Practical Guidance for Using the BED Calculator

Selecting the Correct α/β Ratio

The choice of α/β ratio is the most consequential decision in a BED calculation. Always use the α/β ratio appropriate to the specific tissue and endpoint you are evaluating. If you are evaluating tumor control, use the α/β for the specific tumor type. If you are evaluating a normal tissue constraint, use the α/β for that specific normal tissue and the specific complication endpoint of concern (acute vs. late, specific organ).

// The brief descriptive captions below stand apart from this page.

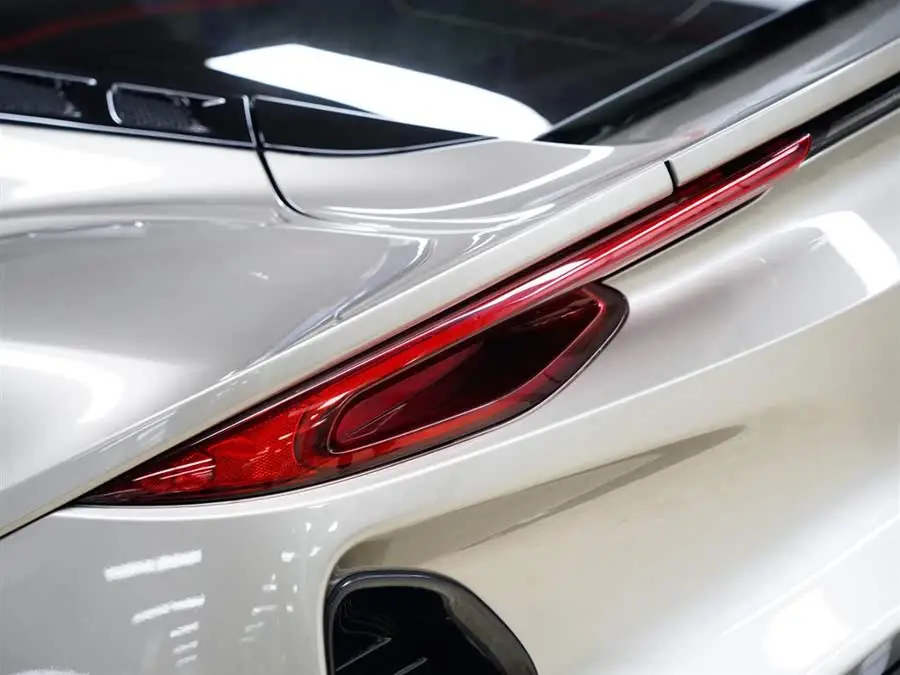 إيميرا 2022 3.5T V6 يدوي الإصدار الأول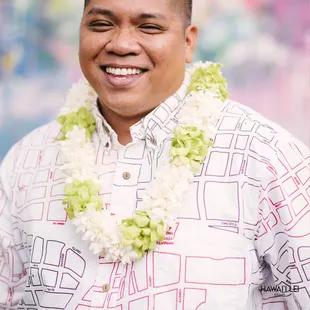 Dbl Tube/Green https://hawaiileistand.com/honolulu-hawaii-lei-stand-by-beretania-florist/double-tuberose-and-orchid-combo-lei-green.html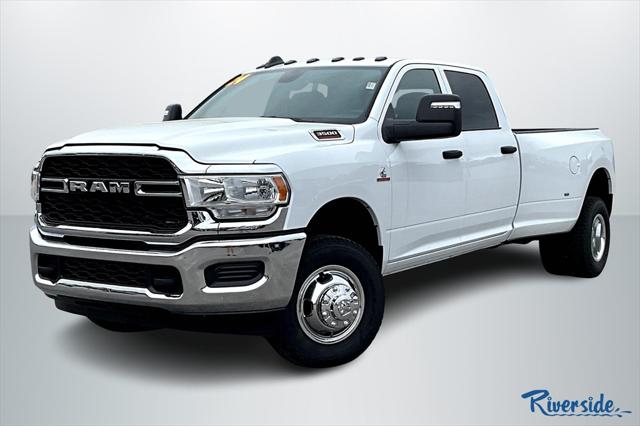 2024 RAM Ram 3500 RAM 3500 TRADESMAN CREW CAB 4X4 8 BOX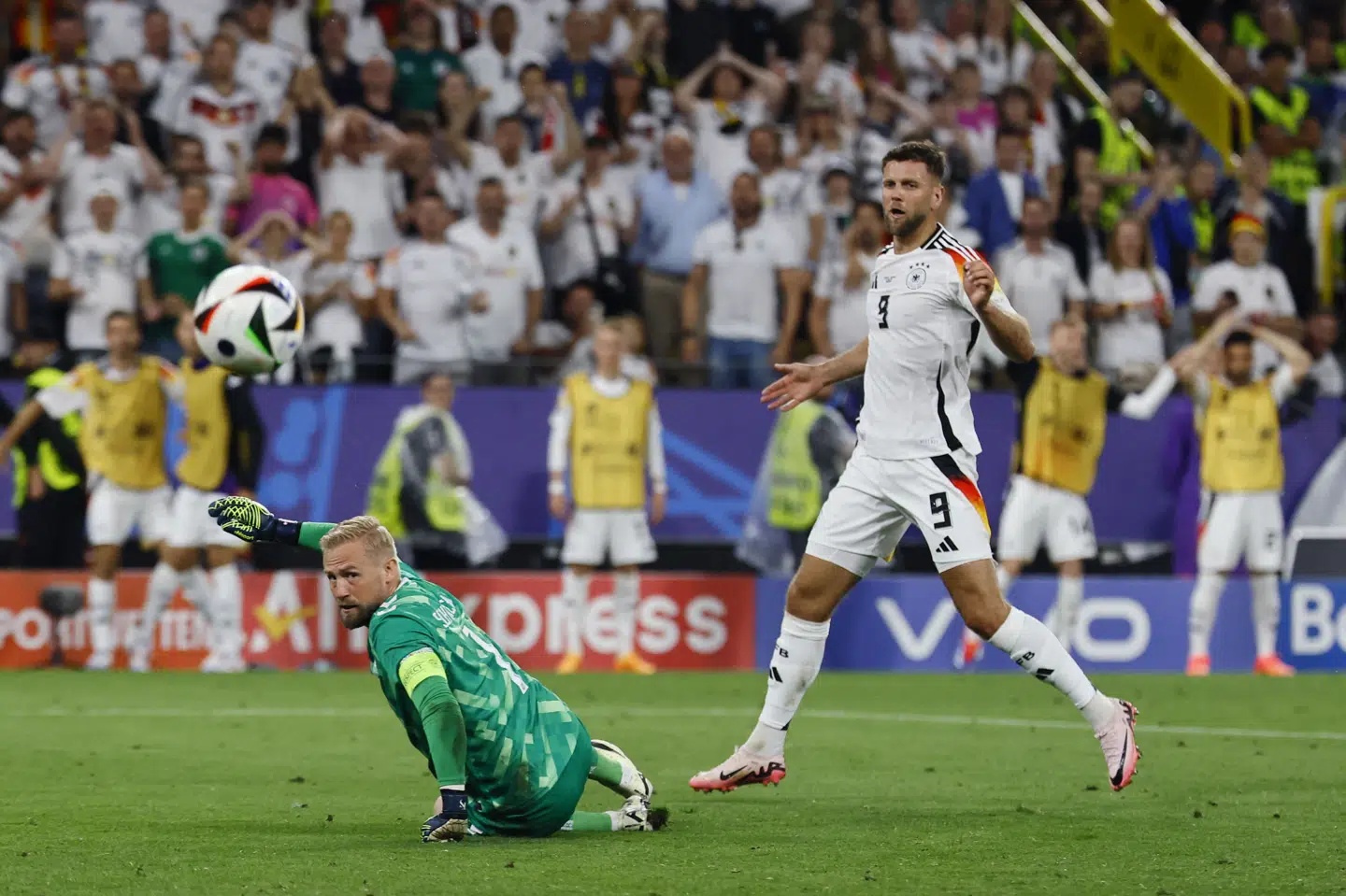 Niclas Füllkrug brænder her en chance på Kasper Schmeichel under EM-ottendedelsfinalen i 2024. (Arkivfoto).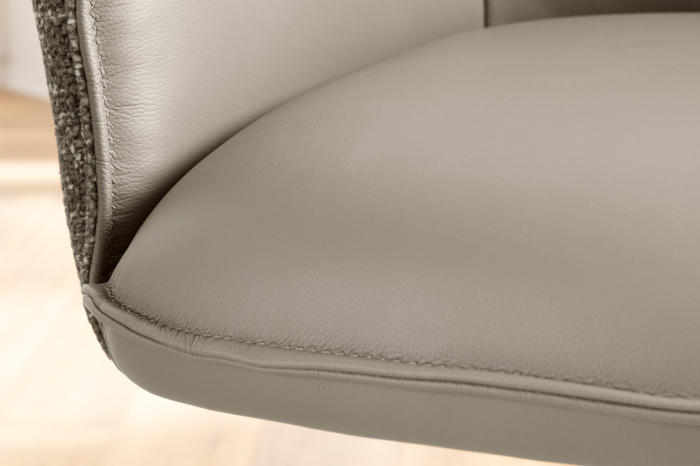 Set 2 scaune rotative LE GRAND 180° din material texturat si piele taupe [7]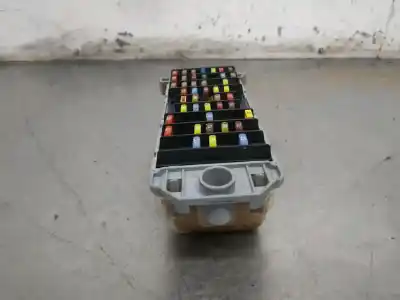 Peça sobressalente para automóvel em segunda mão caixa de fusíveis e relés por opel meriva cosmo referências oem iam 93332763  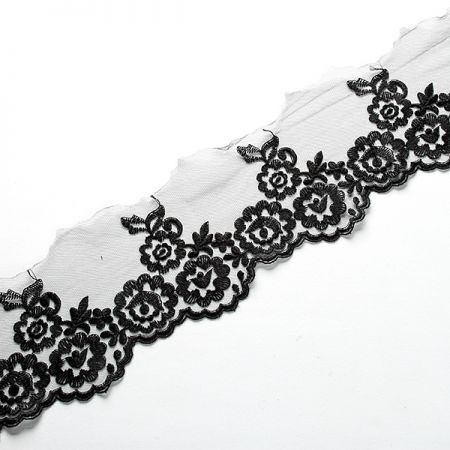 Krajka lem výšivka vzdušná na tylu černá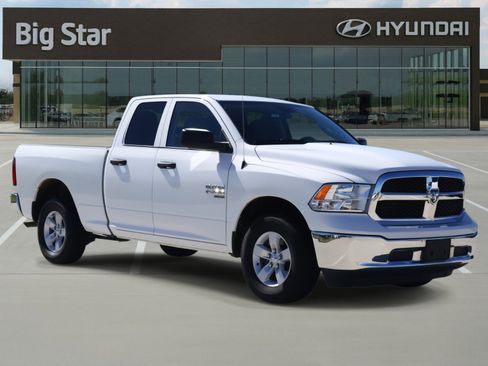 Used 2024 RAM 1500 Classic SLT image 7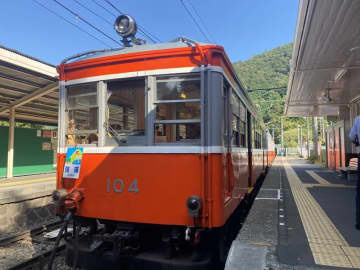 さらば古豪よ……小田急箱根「100形電車」が2028年１月末運行終了（神奈川県箱根町）
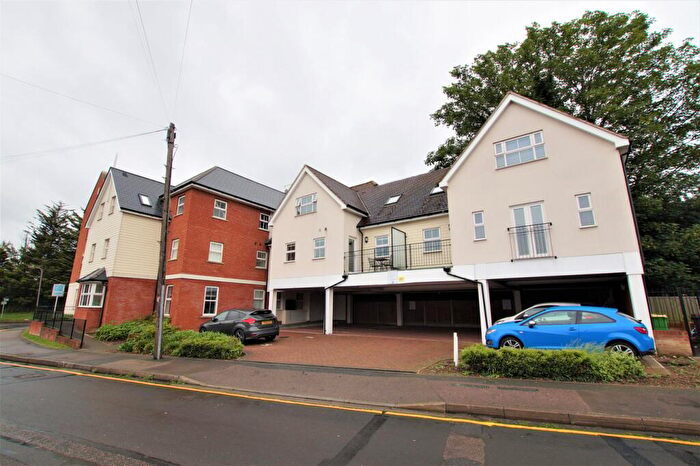 2 Bedroom Flat For Sale In The Approach, Rayleigh, SS6
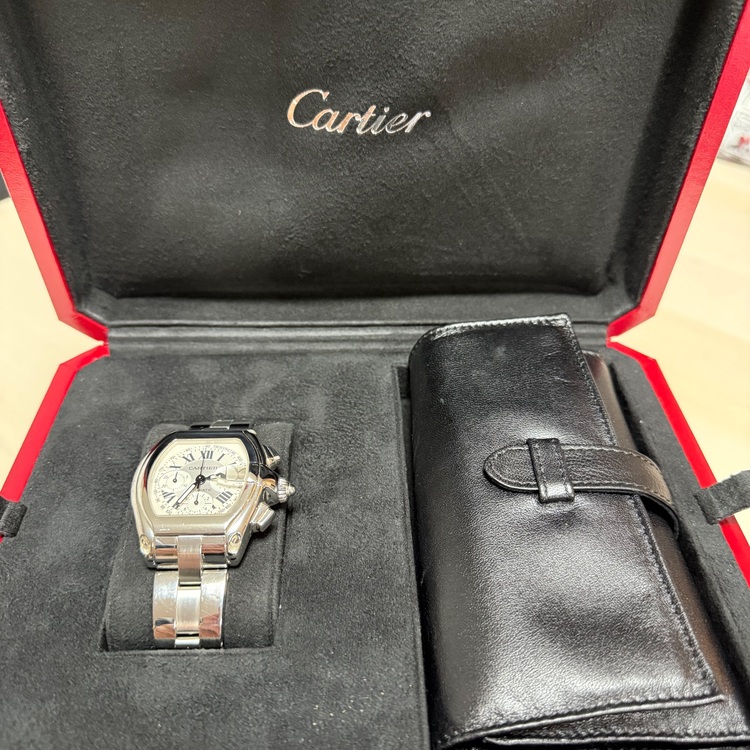 ロードスタークロノグラフ（高級時計）の商品画像 - 査定依頼日：2025年10月2日 - 最高査定価格：630,000円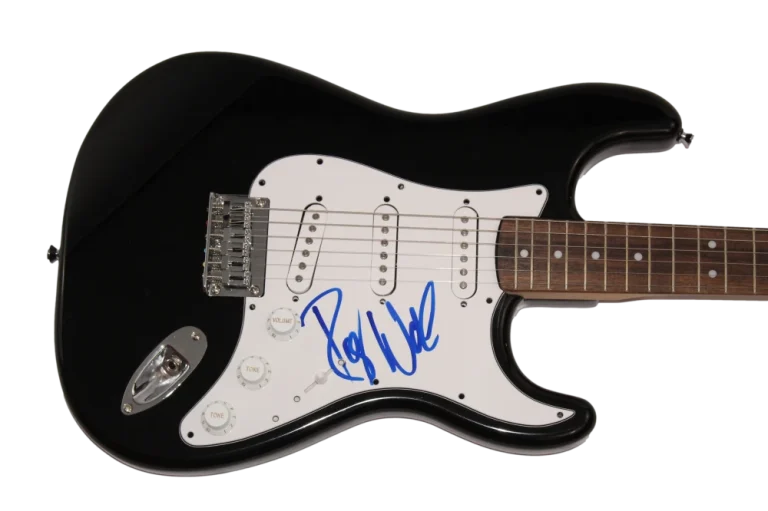 ROGER WATERS SIGNED AUTOGRAPH BLK FENDER ELECTRIC GUITAR PINK FLOYD THE WALL JSA
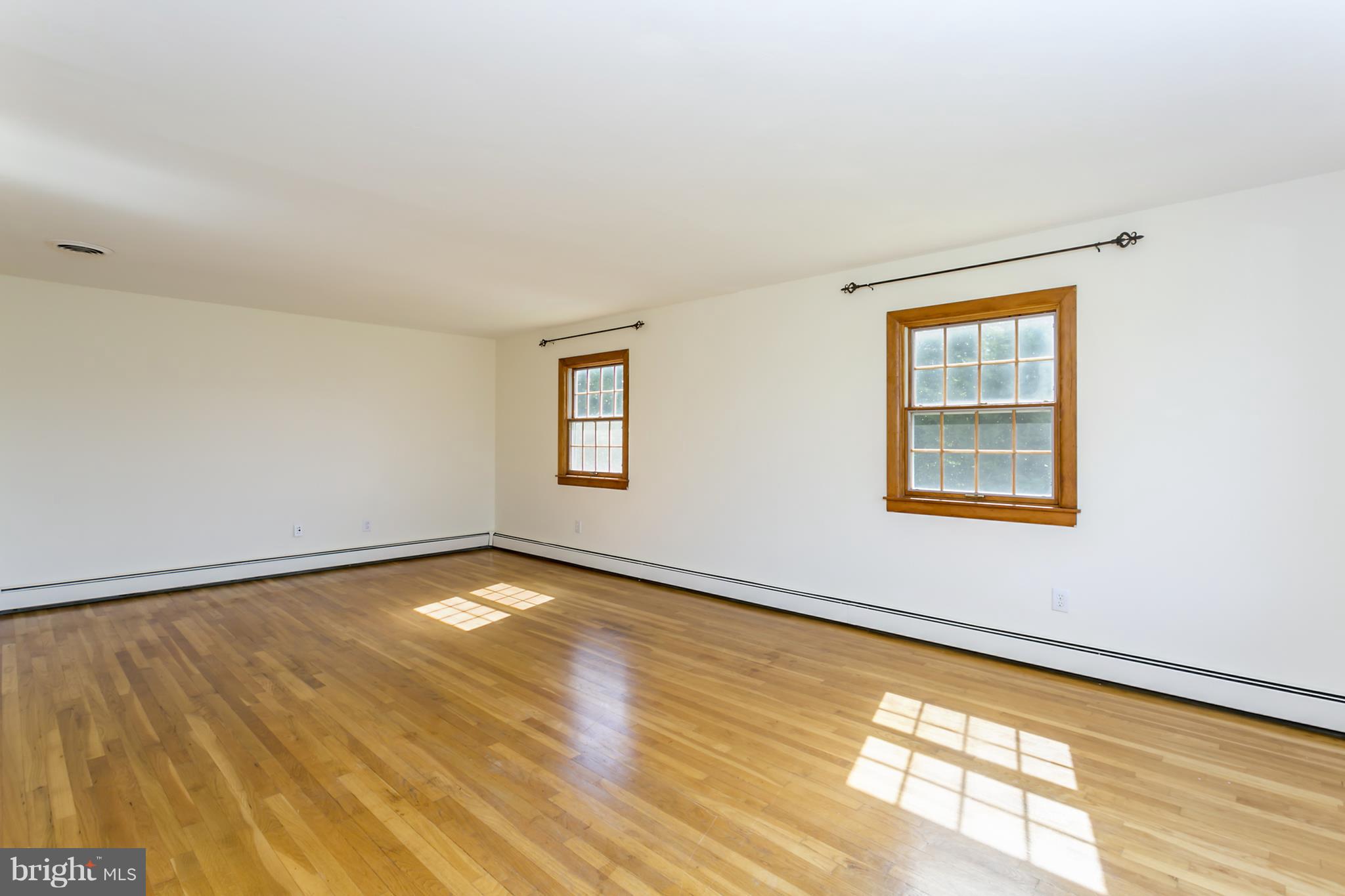 17226 Hardy Road Mount Airy, MD 21771 - Photo 13 of 39 Gallery Image 13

Using the Correct Total Dose and Fraction Size

Ensure that D (total dose) equals n (number of fractions) multiplied by d (dose per fraction). Small errors in these inputs produce proportionally large errors in BED, particularly at high doses per fraction where the quadratic term dominates. When converting from a dose prescription given in total dose and number of fractions, always calculate d explicitly rather than relying on rounded values.

Interpreting BED Values

BED values are only meaningful in comparison to a reference. A calculated BED of 84 Gy for a tumor has meaning only when compared to the BED of an established standard-of-care schedule for the same tumor type. It does not have an absolute interpretation (unlike physical dose in Gray). Always compare BED or EQD2 values calculated with the same α/β ratio to make valid schedule comparisons.

Using EQD2 for Clinical Communication

When communicating with colleagues, reporting to tumor boards, or comparing with published trial data, EQD2 is usually more informative than BED because it is expressed in units that correspond to a familiar, real-world treatment (standard 2 Gy fractionation). Most published dose constraints for normal tissues are expressed in EQD2 or assume conventional 2 Gy per fraction, making EQD2 the natural unit for constraint evaluation.

Documenting Assumptions

Any BED or EQD2 calculation reported in a clinical note, re-irradiation plan, or research document should clearly state the α/β ratio used and the source or basis for that value. Given the uncertainty in α/β ratios, sensitivity analyses using the plausible range of α/β values are advisable for high-stakes decisions such as re-irradiation near the spinal cord.